The curation of blues music–in an era ruled by Prince and the pop artists chasing him–is commendable, while the musical sequences, even Macchio’s character improvising in class, are a delight. Macchio, whose character in The Karate Kid is a punk who learns composure from his mentor, starts off as a snot here too–trying to con Willie into teaching him a fabled song that Robert Johnson was said to have written and never recorded–but doesn’t grow kinder so much as he endures hardships that expand his talent. Macchio is well cast, as was Joe Seneca, an R&B artist and songwriter whose appearance opposite Paul Newman in The Verdict (1982) launched an acting career in the last fifteen years of his life. After the success of 48 HRS. (1982), director Walter Hill seemed to be on a runaway train of bigger and emptier pictures, but got his groove back with Crossroads, a quirky B-movie with A-class music.

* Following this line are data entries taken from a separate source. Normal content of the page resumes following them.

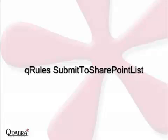Q-Rules is an InfoPath form enhancer that allows you to add features that usually require code to your templates without you having to write or know any code whatsoever. While Q-Rules has any number of amazing commands, today I'd like to demonstrate the use of Submit to SharePoint list.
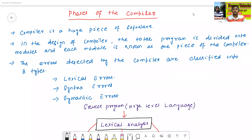Hello, I'm Dr. Prabhasan Janbal. In today's class, we'll discuss about the phases of the compiler. So, what are the phases of the compiler?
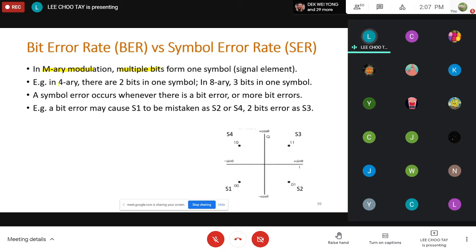For example, in 4-ary modulation each symbol carries two bits, and in 8-ary modulation each symbol carries three bits. A symbol error occurs whenever there is one bit error or more bit errors within that symbol.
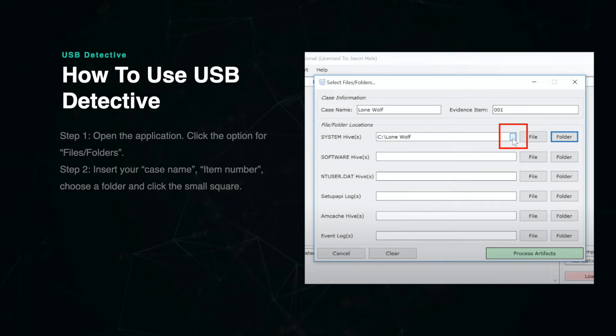If you previously created a logical drive with FTK Imager or another software, then you could choose the Logical Drive option and the software would work the same.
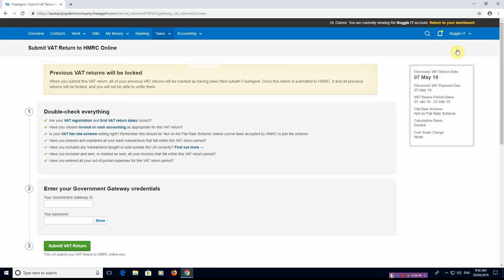And then that will submit it directly to HMRC. You'd also have to make the payment or if you've got a direct debit set up with HMRC they'll take it automatically as needed. And that is filing a VAT return with FreeAgent.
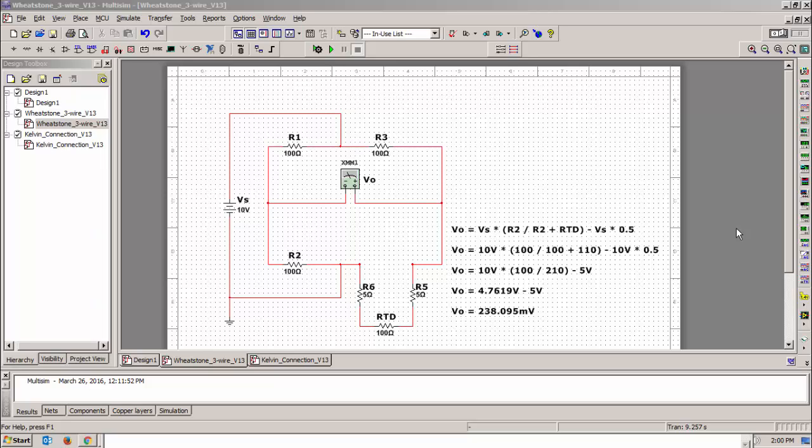I want to talk to you today about RTDs and the three wire and four wire connections of an RTD. We should all know what an RTD device is and what it does. It's a resistive temperature device that is used to measure temperature.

Not enough can be said of Ry Cooder, for whom this script seems written for. While the film does tread water between musical sequences, the climactic headcuttin’ duel between Lightnin’ Boy and the Devil’s own Jack Butler (Steve Vai) is enthralling. Directed by a western aficionado, Crossroads is nonetheless a film where two men settle their differences with guitars, not guns. That’s different, and so is much of this movie.